A whole range of new opportunities to fly to Mexico City is about to open up, and a good number of them will be on discount airlines.
Under a Department of Transportation proposal, almost certain to be finalized, 24 ‘slot pairs’ that Delta and Aeromexico are required to give up as part of their deal for a joint-venture operation will be divided among second-tier U.S. carriers and Mexican discounters.
The airlines are required to give up the slots to avoid their combined size from over-dominating a single airport; at Mexico City, the combo would still control half the flights.

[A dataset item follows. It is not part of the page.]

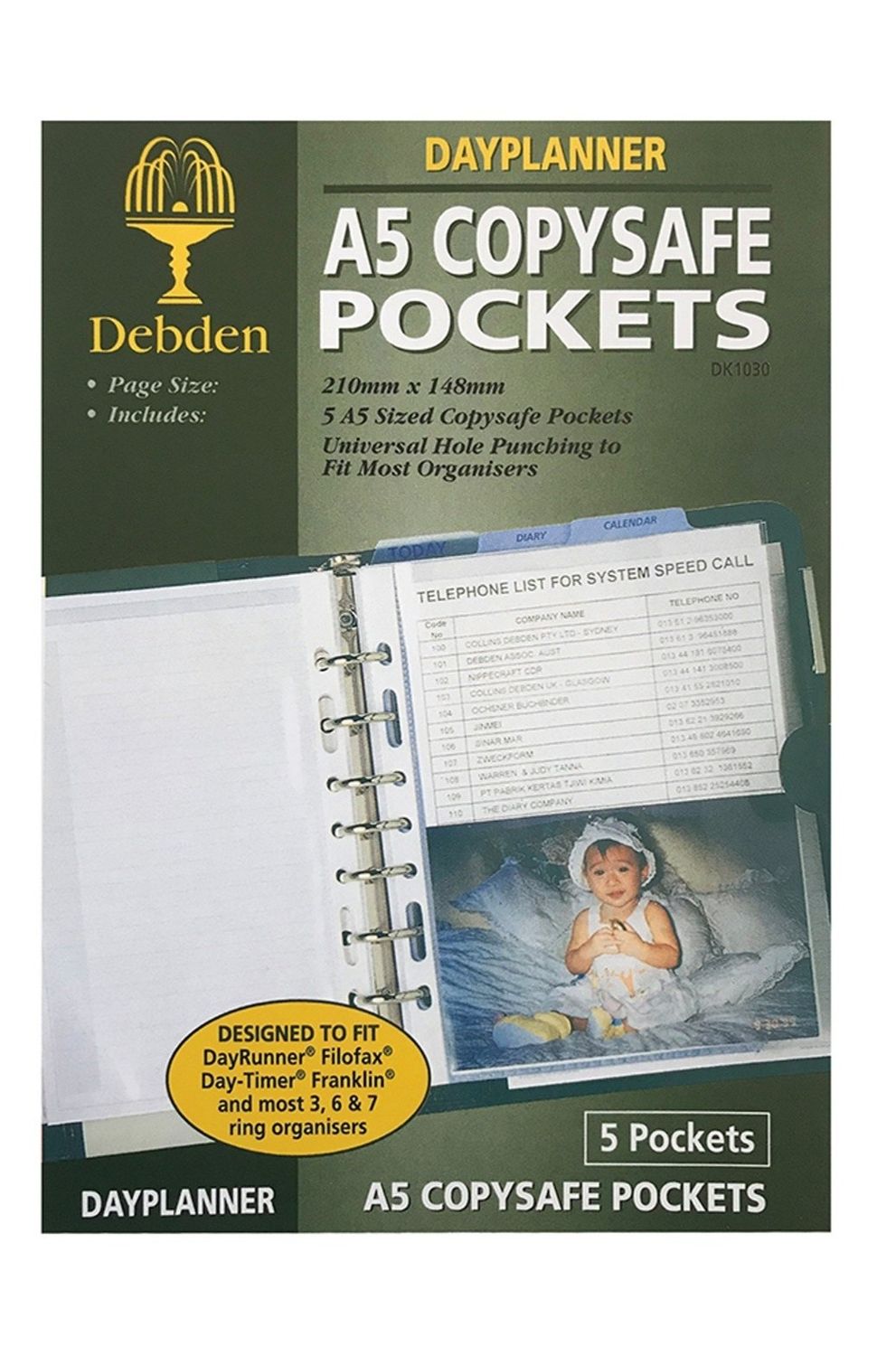 SP-  DAYPLANNER REFILL DEBDEN  DESK EDITION A5 COPY SAFE POCKETS DK1030
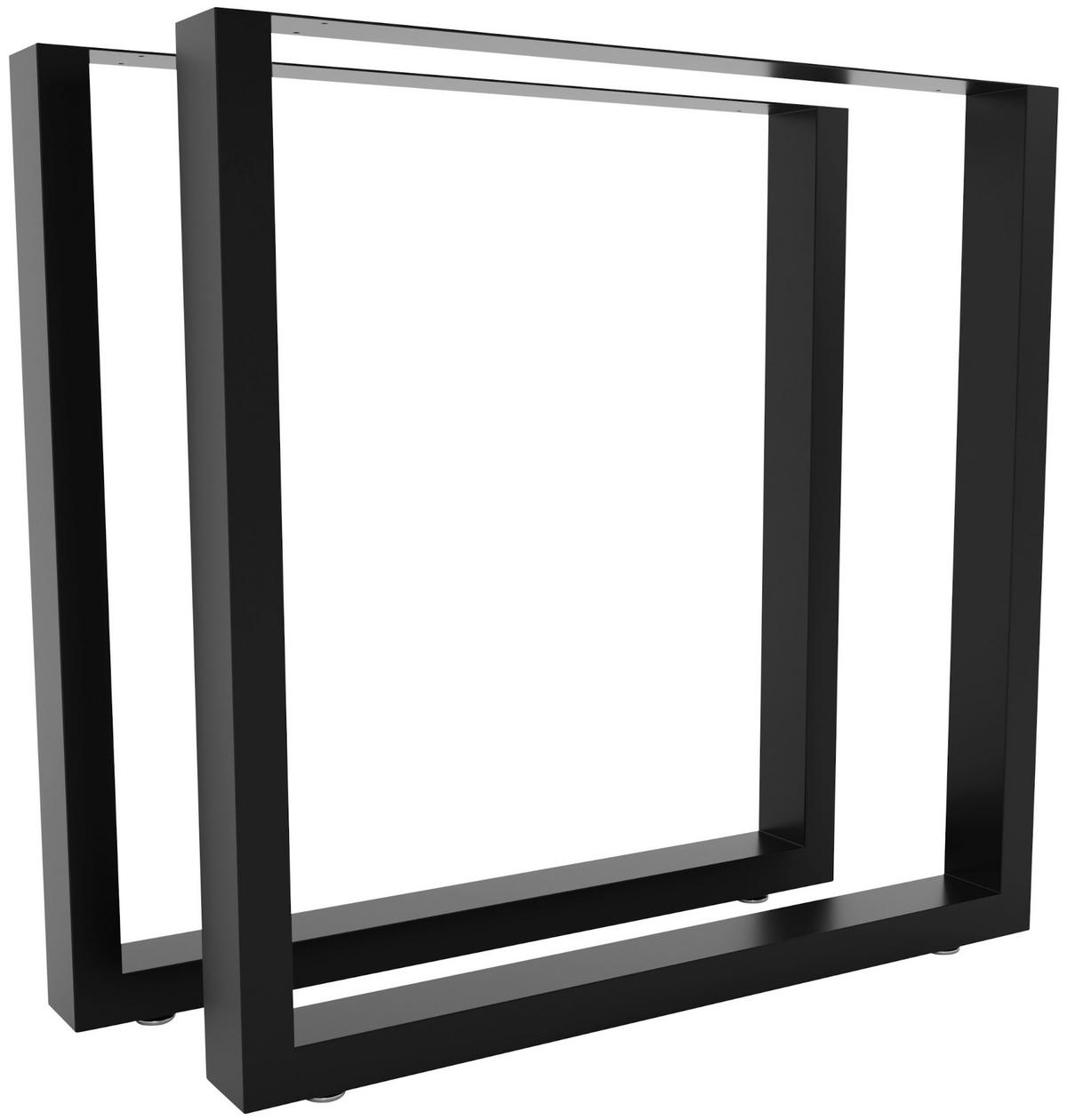 TISCHBEIN 2er Set Metall Schwarz - Schwarz, Metall (40/43/40cm) - CLP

The slots will change hands starting this year and finishing next.
Six of the slot pairs, each good for a landing and a takeoff, will go to JetBlue; 4 each to Alaska and Southwest, and the rest to Mexico’s Volaris, Interjet and VivaAerobus. The Mexican discounters will also get the 6 slot pairs that Delta and Aeromexico have to give up at JFK.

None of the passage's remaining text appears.